Secretary of State for Finance of the Democratic Republic of the Congo
- In office 2 August 1961 – 10 July 1964
- President: Joseph Kasa-Vubu
- Prime Minister: Cyrille Adoula

Personal details
- Born: François Kupa Madugala 30 July 1982 (age 43) Tago, Haut-Uélé, Democratic Republic of the Congo
- Died: 2002
- Citizenship: Congolese

= François Kupa =

Congolese politician and businessman (1930–2002)

François Kupa Madugala (30 July 1930 – 2002) was a Congolese politician, administrator, and businessman who played a role in the early political history of the Democratic Republic of the Congo in the years following independence. He was Secretary of State for Finance in the government of Cyrille Adoula from 1961 to 1964 and later held several provincial leadership positions, including Governor of Uélé and Governor of Bandundu. Kupa is also associated with the origin of the journalistic term coupage, used in the Congolese media to describe payments given to journalists by event organizers.

== Early life, education, and political career ==
François Kupa Madugala was born on 30 July 1930 in Tago, a locality located in what is now Haut-Uélé province in the northeastern part of the Democratic Republic of the Congo. He initially pursued religious education and spent part of his early life in a seminary, before leaving ecclesiastical training to enter public service and politics.

He became a public figure during the early years of Congolese independence. In 1960, Kupa participated in the Belgo-Congolese Round Table Conference as a representative of the customary authorities of Orientale Province, which brought together Congolese leaders and Belgian officials to negotiate the country's transition to independence.

After independence, he joined the national government under Prime Minister Cyrille Adoula. Between 2 August 1961 and 10 July 1964, he was Secretary of State for Finance, a position in which he helped oversee the management of public finances during a period that was characterized by political unrest and internal conflicts. During his tenure, he issued a ministerial decree on 7 December 1962 ordering the reimbursement of salary advances that had been granted to magistrates and civil servants by the special commissioner of Équateur Province, ruling that the payments had been made illegally and ordering their repayment. After leaving the national office, Kupa continued his administrative career at the provincial level. He was the Governor of Uélé from 6 July 1965 to 20 December 1966, and later as Governor of Bandundu from 30 August 1967 to 9 August 1968.

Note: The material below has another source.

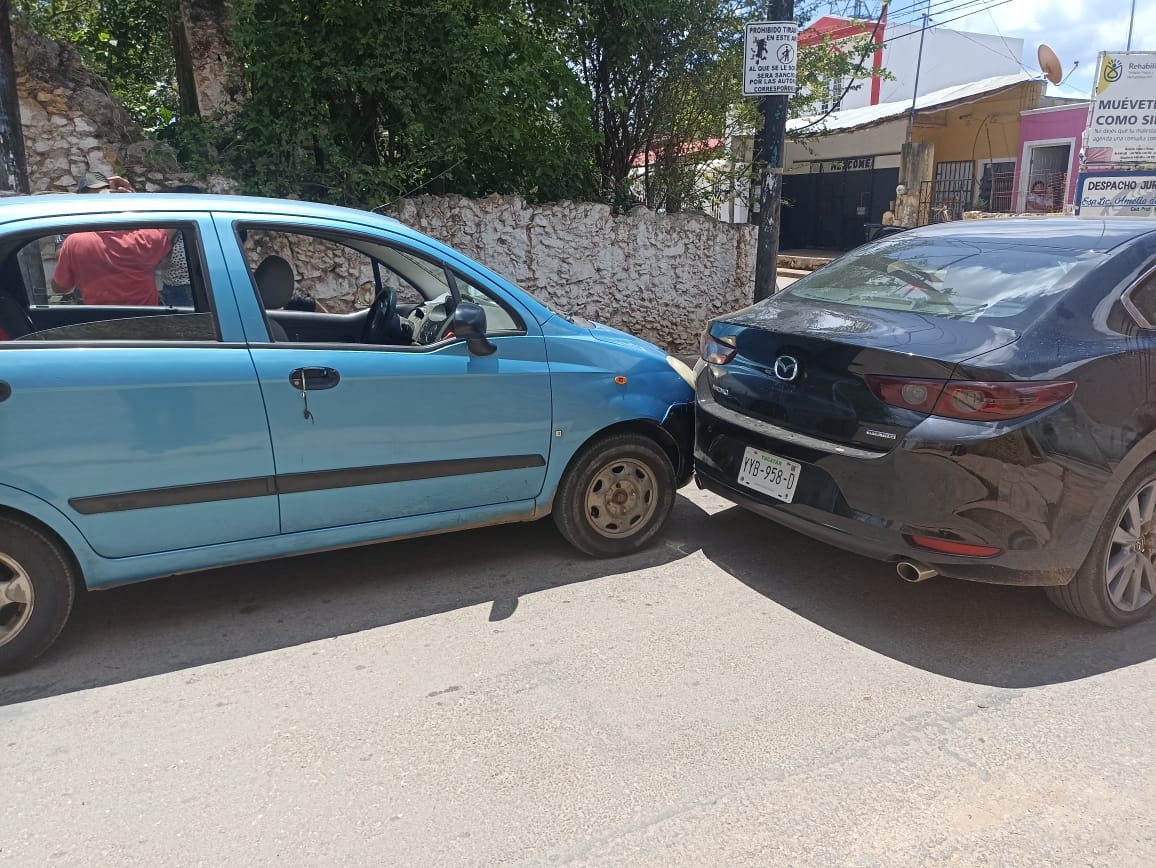 Adulto mayor protagoniza choque en Tekax; SSP bloquea la zona por dos horas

== Association with the term "coupage" ==

François Kupa's name is associated with the origin of the term coupage, a colloquial expression used in Congolese journalism to describe payments or rewards given to journalists by event organizers whose activities they cover, which is also a practice often criticized as a form of corruption because it may compromise the neutrality of reporting. According to journalistic accounts, the term emerged in 1964 when Kupa, then Secretary of State for Finance, reportedly gave a significant sum of money to journalists after granting them an interview. The journalists were so surprised by the amount that they returned to their newsroom without their recording equipment, which they had left behind in his office. Their colleagues joked that Kupa had "cut" them (les avait coupés), which gave rise to the expression "kupage". Over time, the spelling evolved into coupage, a term that later became part of Congolese journalistic vocabulary. The practice has since influenced the handling of information in the media sector and has been cited as a factor weakening the independence of the press. According to Patrick Félix Abely, the phenomenon eventually spread across the national media and gave rise to various local expressions in different cities. In Lubumbashi, the practice is sometimes referred to as Kawama, a reference to a village about 12 kilometers from the city where a journalist, Jean-Pierre Senga Lukavu, used to collect sacks of charcoal that he sold to make ends meet. In Mbuji-Mayi, it is called Mulangi wa mala, meaning "a bottle of beer". In Bukavu, expressions such as transport, mot de la fin, and sauvetage are used, while in Goma similar practices are referred to as cachet, sombe ya batoto, makayabo, or maziwa. Similar terminology also exists elsewhere in Africa, as in Madagascar, journalists use the phrase "give me your slap", while in Gabon the term gombo is commonly used, and in Rwanda the expression free lunch, literally referring to someone who "eats everywhere", describes a journalist who accepts such payments.

== Business career ==
Kupa invested in real estate and founded a company known as APUK, through which he reportedly created employment opportunities and developed agricultural and commercial activities.

== Death and legacy ==
Kupa died in 2002. After his death, disputes reportedly materialized over the ownership of portions of his estate, particularly his real-estate holdings. Some reports mention attempts by various people to claim or contest control of his assets.

Kupa is regarded as one of the most influential historical figures of Haut-Uélé. The Kupa commune in the city of Isiro was named after him.